I know a lot of academics, and none of them are very good negotiators. Well, okay, I know at least one high powered acacemic is. But for the most part, everyone seems to settle for a crappy office with crappy chairs, crappy computers, inadequate bookshelves, not to mention the lousy pay, crushing workload, no travel funds, etc.
Anyway, I've worked out the *need* for this service more than the actual profit model for it, but I think that, given the loosy-goosy nature of a lot of academic hiring, academics need agents to help them negotiate things like salary, courseload, travel funds, release time, tenure, etc. This way, when you were looking for a job and got an offer, you could just say, "You'll have to talk to my agent" after a certain point.
I don't mean merely a literary agent -- although that would be part of the job, or maybe they'd work together. I mean some woman or man who would look really slick (in an appropriately academic way -- actually, wouldn't it be great if the ghost of Foucault was your agent? Nobody would screw with you then) who would play hardball with the hiring committee, and later on the dean.

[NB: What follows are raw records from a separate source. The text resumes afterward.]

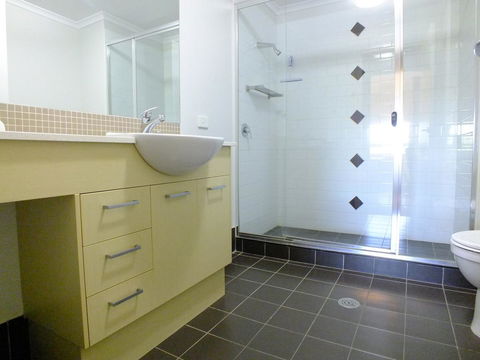 Pacific Marina Apartments - Accommodation Mermaid Beach 7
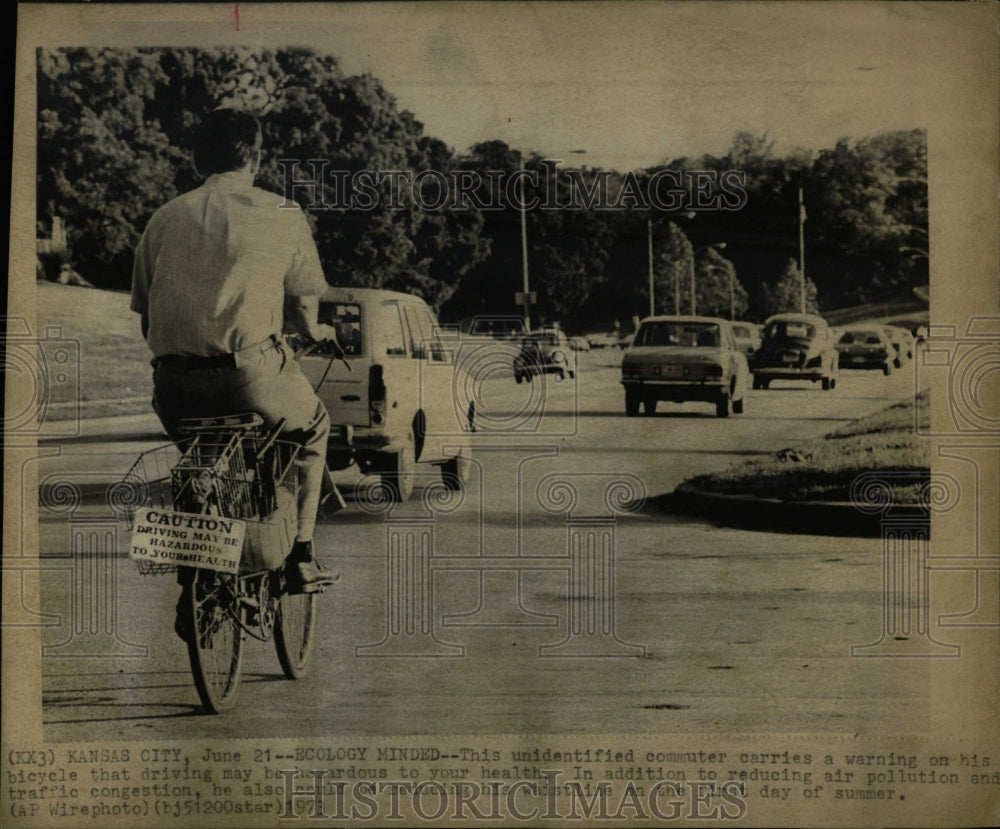 1973 commuter bicycle air pollution-Historic Images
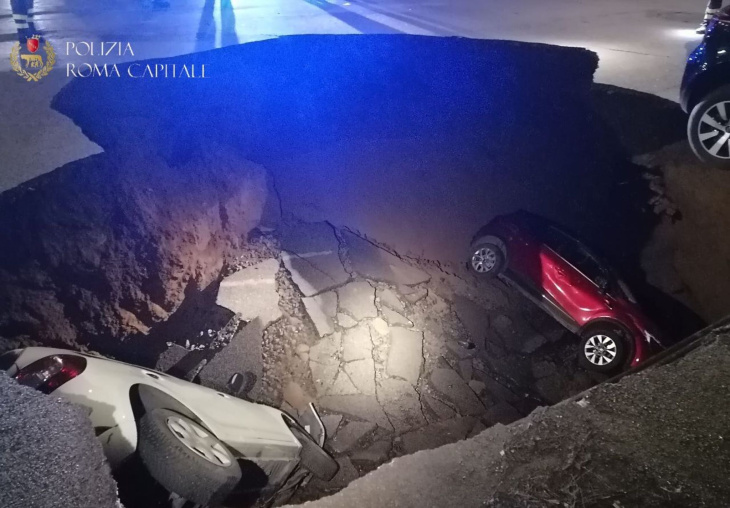 riesiges erdloch in rom verschlingt zwei autos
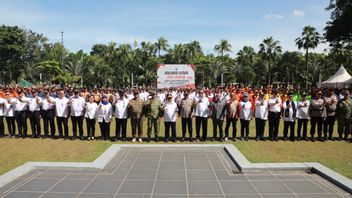 برامونو في شكل فرقة عمل جاكرتا للتنبيه ، المكلفة بالتناول من المعارك إلى الكوارث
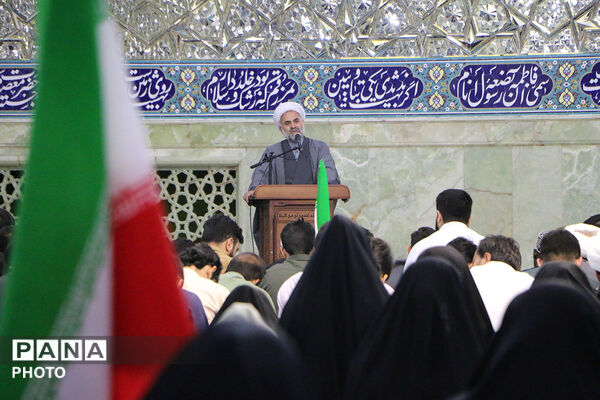 جشن ازدواج طلبگی ۲۰۰ زوج در حرم حضرت معصومه(س)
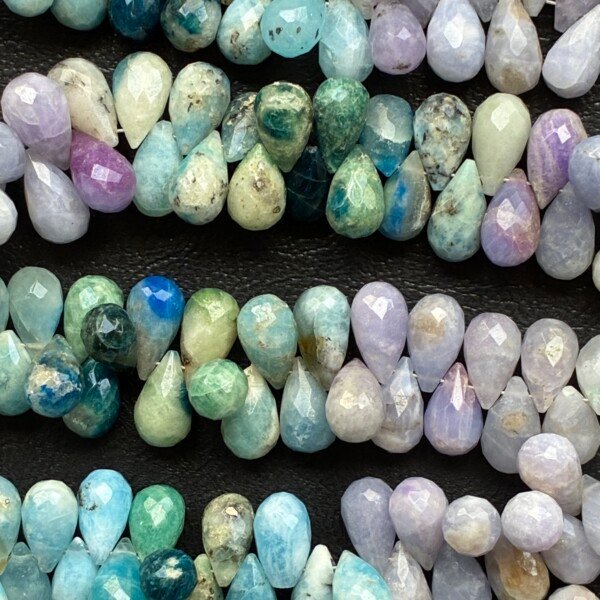 Hackmanite Drops Faceted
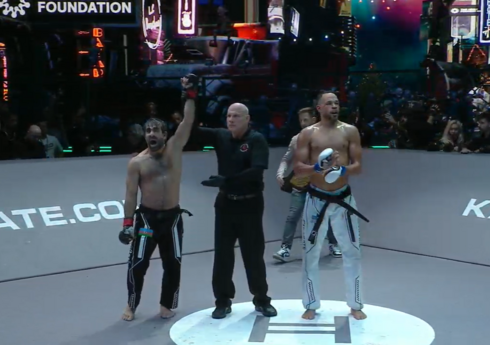 Rafael Ağayev ABŞ idmançısına qalib gələrək çempionluq kəmərinə sahib çıxıb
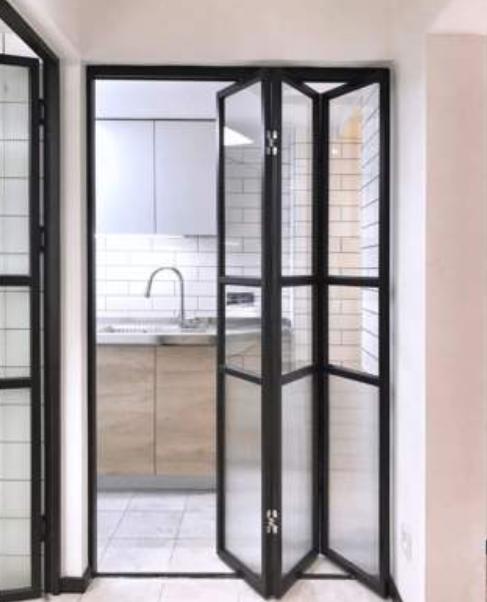 []卫生间别装平开门，越来越多人装这种门代替，隐私度好又高档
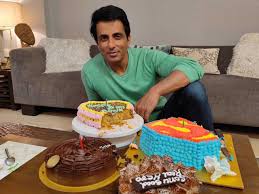Sonu sood's birthday is no less than a festival for his fans. L5giiyj71m1wlm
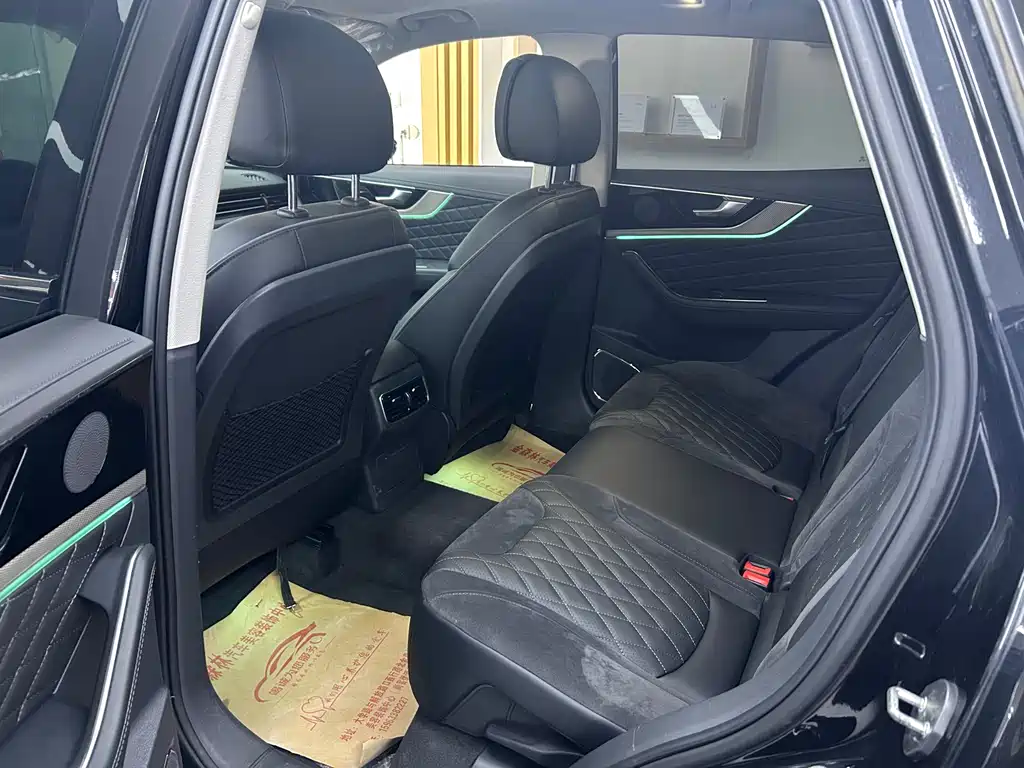 Hongqi HS5 2019 2.0T Zhilian Qixiang Edition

Sure, at first it would be a hard living being an academic agent -- it's not like academics make that much so there's a lot of fat to skim off. But eventually, if we all had them, it would pay off, because we would all get more money, some of which we could then use to pay the agent, and then the agents would then increase salaries more, etc. Eventually, a lot more academics would be commanding rock star or sports star salaries, and when you came to give a talk it would be green M&Ms all the way, baby -- or they'd be hearing from your agent.

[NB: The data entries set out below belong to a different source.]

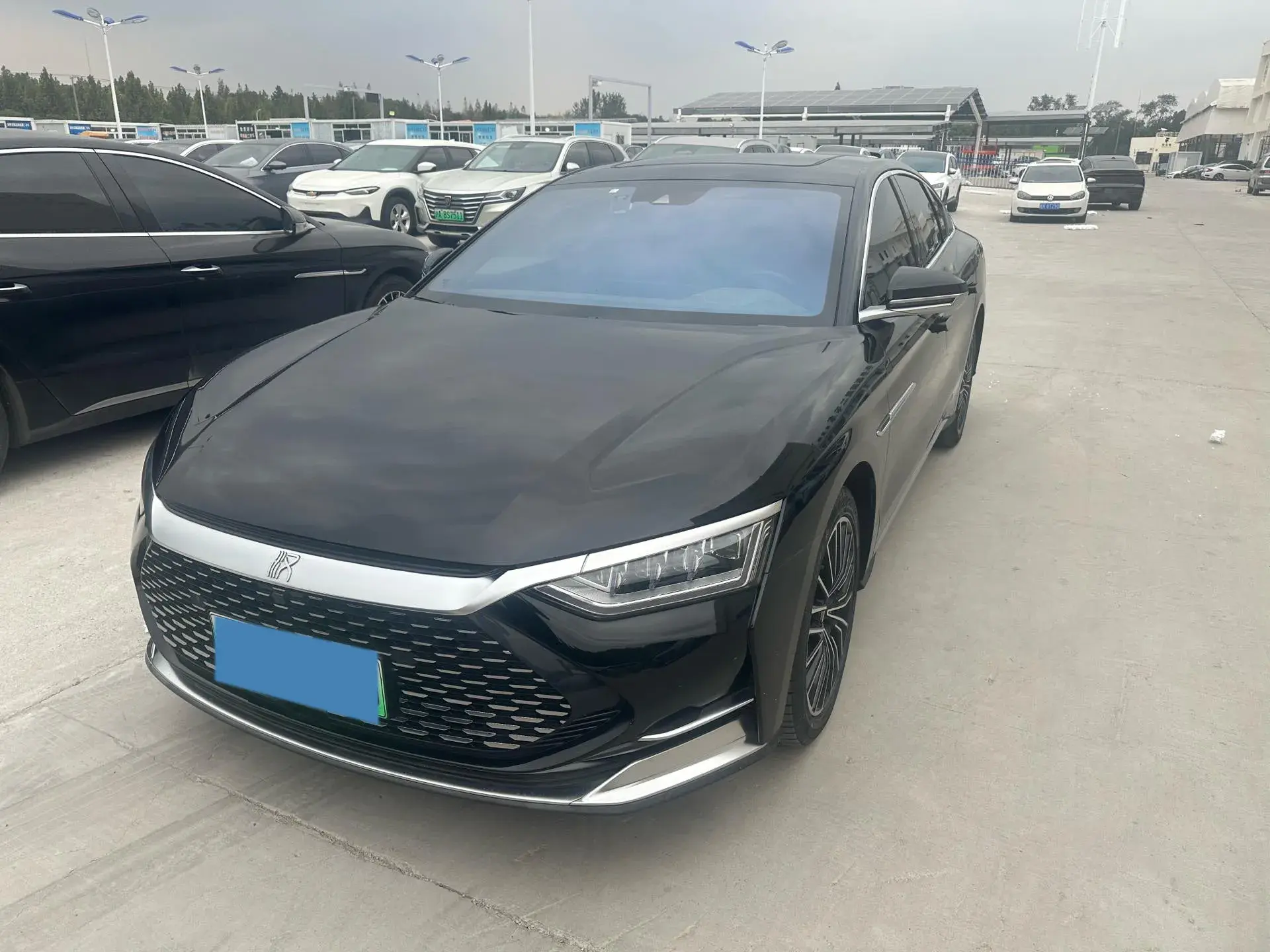 2020 BYD HAN view 1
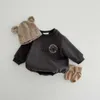 Rompers 2024 Spring New Baby Long Sleeve Casual bodysuit nyfödd Småbarn pojke söt björntryck jumpsuit bomullsspädbarn 0-24m H240508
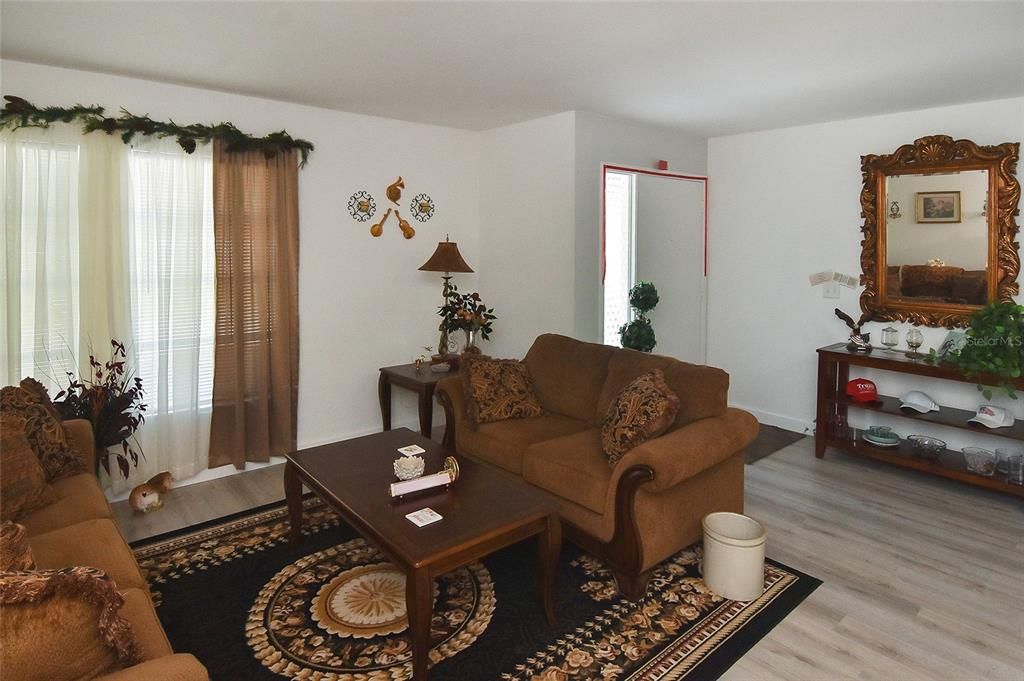En Venta: $274,500 (2 camas, 2 baños, 1635 Pies cuadrados)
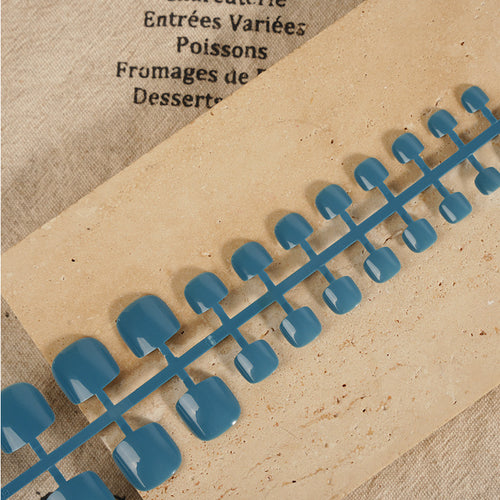 Premium Glossy Kurze Press-On Nagelset Karnz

I had this idea partly after dealing with some hard ball academics -- real jerks, if you want to know the truth, but they got extra funds, that's for sure. Perhaps if they farmed that job out to an agent they'd still be nice human beings instead of manipulative assholes (I'm deliberaty refraining from linking here.)
But I'm not quitting any one of my day jobs to do this one.
By the way, I was looking around for pictures of booksheves and found this instead (there is a picture of a bookshelf somewhere on the site). Interesting, especially given that some of my early youth was spent on a hippy communue in Southern Oregon called Jump Off Joe. The hippy commune I linked to there isn't the one we lived on, but it does mention it or anyway Jump Off Joe (which was the name of a creek near the commune).